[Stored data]
######

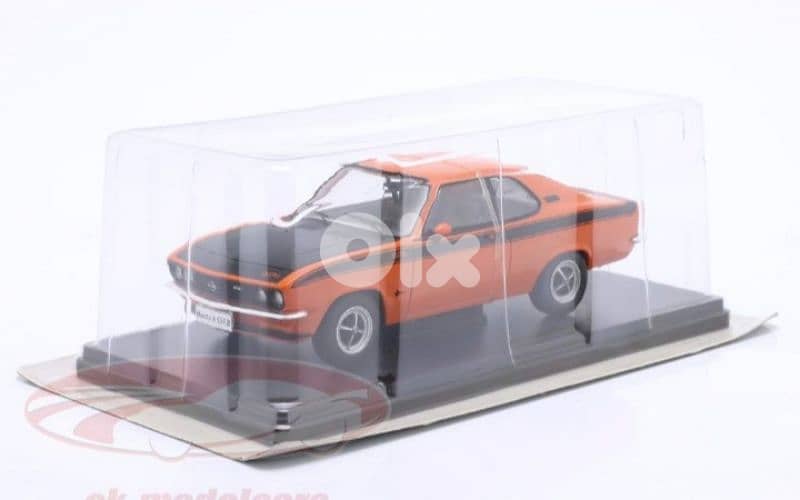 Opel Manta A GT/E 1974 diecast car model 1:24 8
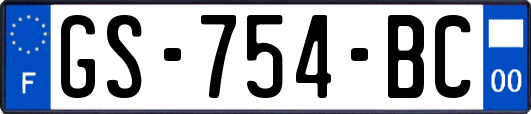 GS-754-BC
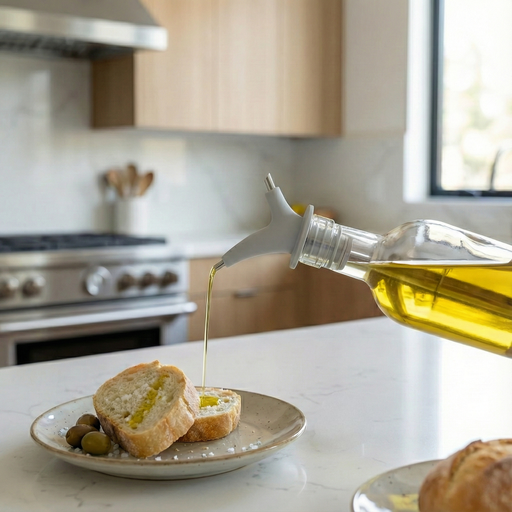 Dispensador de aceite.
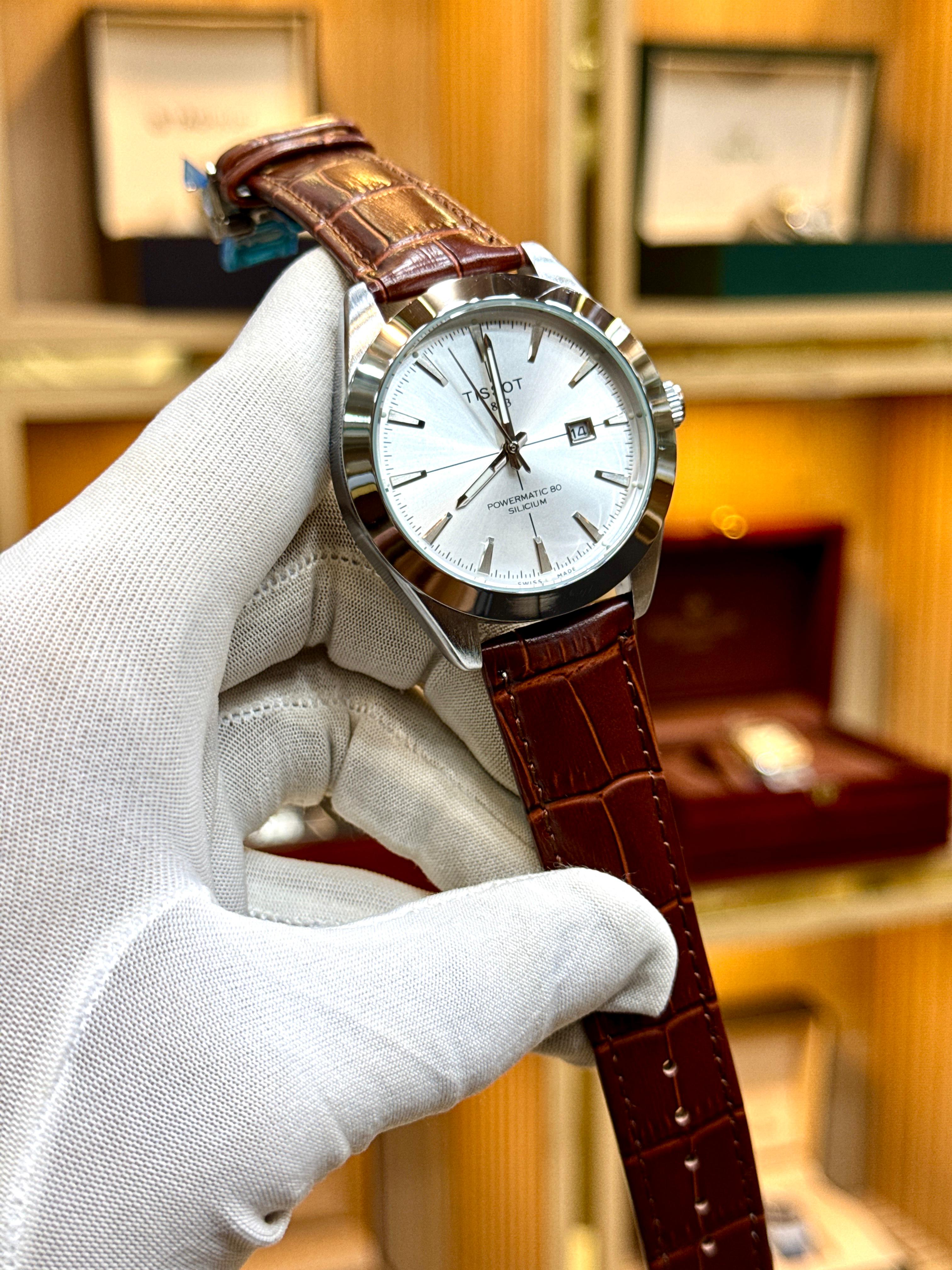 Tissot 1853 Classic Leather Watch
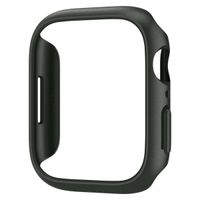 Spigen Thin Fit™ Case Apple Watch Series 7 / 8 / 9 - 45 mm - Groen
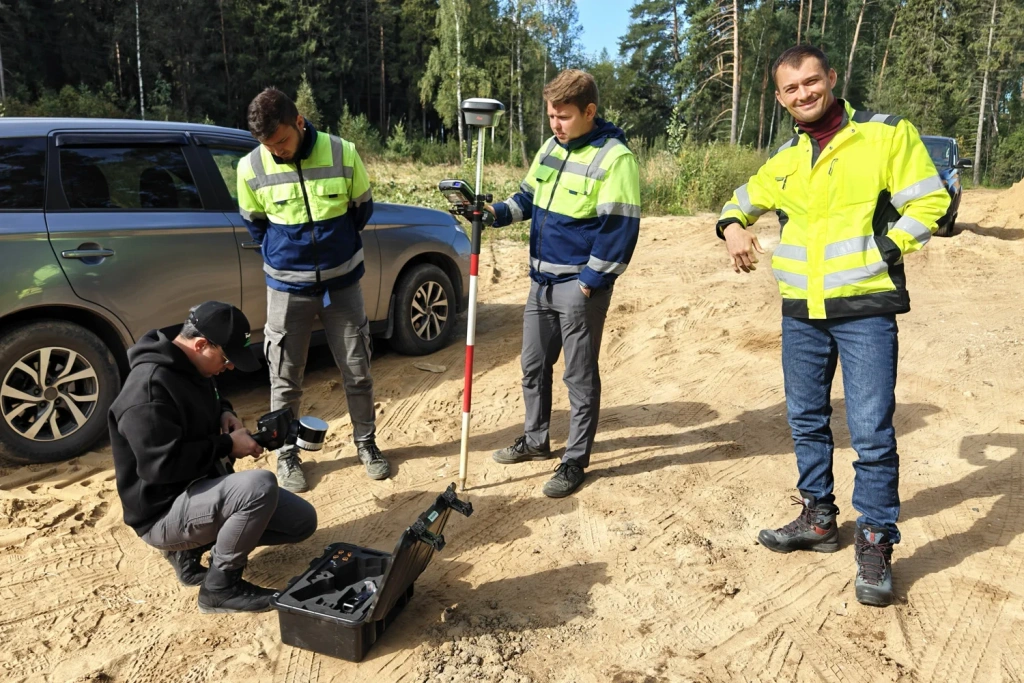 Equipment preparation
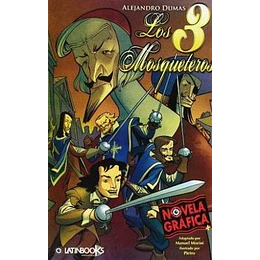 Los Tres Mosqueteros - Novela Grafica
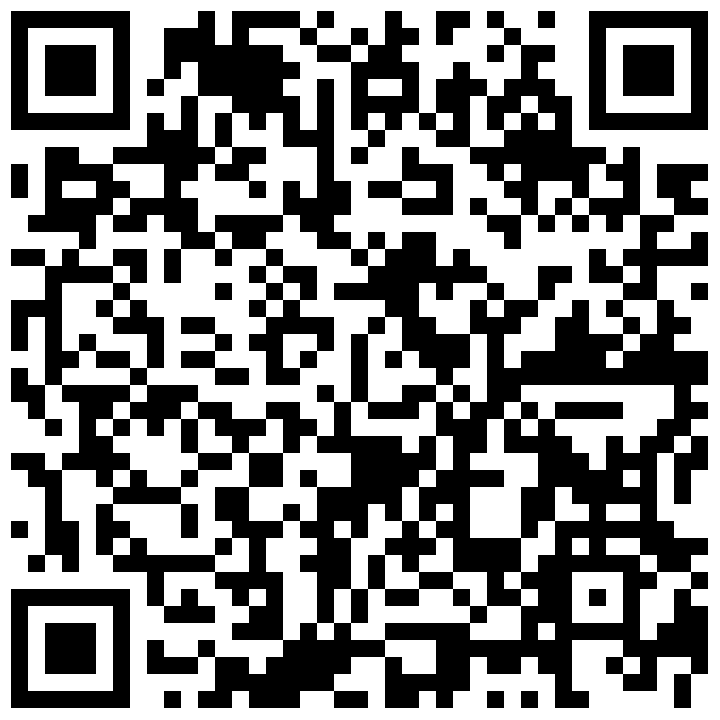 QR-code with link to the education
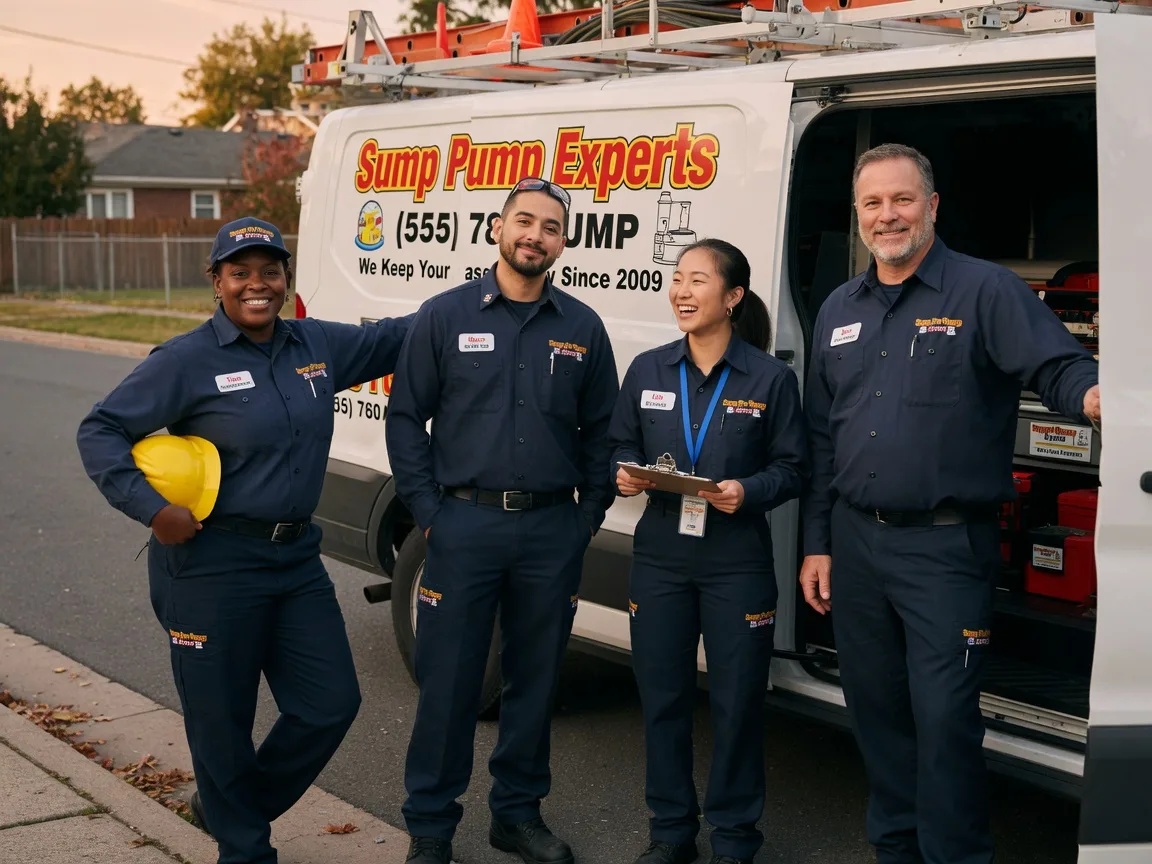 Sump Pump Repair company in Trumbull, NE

######

Beginning with the line containing "Tissot 1853 Classic Leather Watch" and ending with the last line of the data above, repeat each line exactly. Include no pictures and no other lines.

 Tissot 1853 Classic Leather Watch
 Spigen Thin Fit™ Case Apple Watch Series 7 / 8 / 9 - 45 mm - Groen
 Equipment preparation
 Los Tres Mosqueteros - Novela Grafica
 QR-code with link to the education
 Sump Pump Repair company in Trumbull, NE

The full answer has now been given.